A key success factor: Collaborative behaviours
- Clear agreement of roles and responsibilities – particularly around decision making authority
- Sharing goals (overall goals and individual team goals) to identify conflicting goals and priorities
- Engaging with stakeholders to agree value and agree priority and decision making
- Visualization of information to support rapid decision making, effective prioritization, identifying constraints, identifying impediments and improvement needs
- Fostering a culture of improvement ‘everybody records improvement opportunities on the team board’ – used to ‘progress iteratively with feedback’
- Coordination/Coaching role, especially with new end-to-end ways of communicating and collaborating
- The importance of fast, effective decision making to enable high-velocity IT without having to continually escalate up hierarchic chains and across SILOed boundaries
- Value streams to bind the specialist areas together, the glue being the shared value they need to realize.
- Improvement is not a secondary focus after your day job…
- Understanding and applying WIP limits and reserving time to progress iteratively with feedback.
- Fostering a culture of continual learning and improvement end-to-end.
- Understanding and agreeing the roles and responsibilities of Product owners and Service owners/managers when it comes to prioritization of work, allocation of resources, agreeing value.
Actions to take away and apply
- Ask the question ‘what value does this work deliver?’ And if it means stopping some other work ask ‘what is the impact and risks of not doing this’? (Value, Outcomes, Costs, Risks).
- Confirm with the team what they are going to do – to ensure understanding of agreements and priorities.
- Share our discoveries about the visual management system (based on Service value system) as a tool to focus on value and support faster, more effective decision making.
- Review the way we prioritize work again the value formula (Value = the positive impacts of Value Creation work – the negative impact of Value leakage work + the positive benefits of value Improvement work).
- Discuss the best way to improve collaborative behaviors and ways of working in our team. Such as end-to-end improvement sessions, improving visualization of goals, of priorities, of work in progress.
- Ensure we take a step back to discuss and agree improvement actions’ (This means scheduling time for these activities and improvements).

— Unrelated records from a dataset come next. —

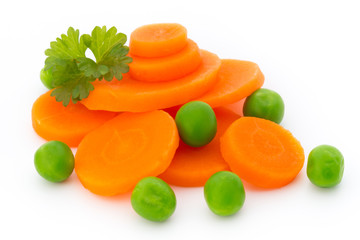 Carrot slice, green peas, isolated on white.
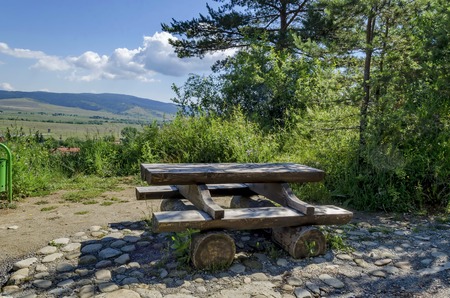 Wooden table and bench by eco trail to Prevails Mali townの写真素材
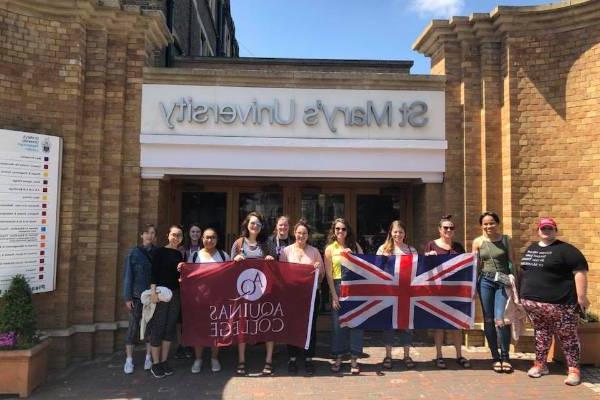 学生们举着电子游艺靠谱平台旗和英国国旗站在圣. 玛丽的大学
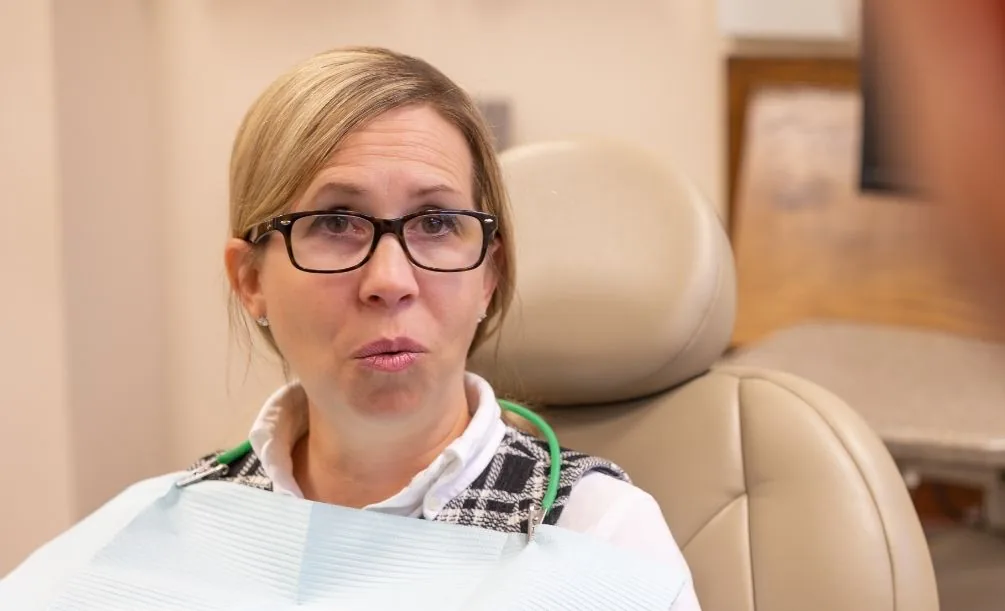 Woman sitting in a dental chair during a checkup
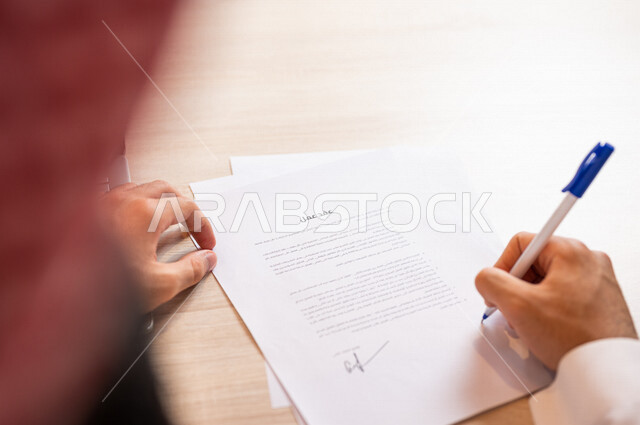 صورة مقربة ليد رجل عربي خليجي سعودي يقوم بقراءة البنود الخاصة بالعمل، التحقق والتدقيق في شروط عقد العمل، الموافقة على الشروط، التوقيع على العقود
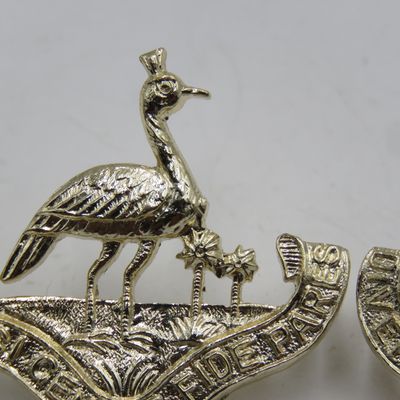 Pair of Northern Rhodesia regiment collar badges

- Engage with stakeholders to understand the different perspectives on value – particularly customer focused value.
Was it useful?
‘…it was incredibly helpful’
‘…it was excellent’
‘…I thought the session was brilliant. A really different and refreshing way of bringing ITIL to life’
‘…Great session….I’m inspired to learn more about ITIL 4’
‘…Gamification is something I’d love to see applied in more learning packages across all areas of education. I think applying the fundamental principles into a game scenario certainly improves and accelerates the learning process for me…’
‘The Mars Lander simulation was a really innovative and refreshing way to learn how to use key concepts of ITIL 4 in real situations. As a group we quickly learned how the guiding principles aid decision making, collaboration is key, and visibility is vital to identify and focus on value.’ Sean Burkinshaw – ITIL Specialist – BT
Mission Director: ‘The team had shown that communication and collaboration skills are critical if we want to start working in end-to-end value streams. The team also discovered the NEED to engage with multiple end-to-end stakeholders to understand the different perspectives on value. This type of experiential learning had also helped translate ITIL 4 theory into practice and capture concrete actions to take away….. I won’t be outsourcing the next Mission if my ITSM teams start behaving like this!’
Which of these success factors and takeaways do YOU need to adopt in your organization? Have some Paracetamol handy, it won’t be easy!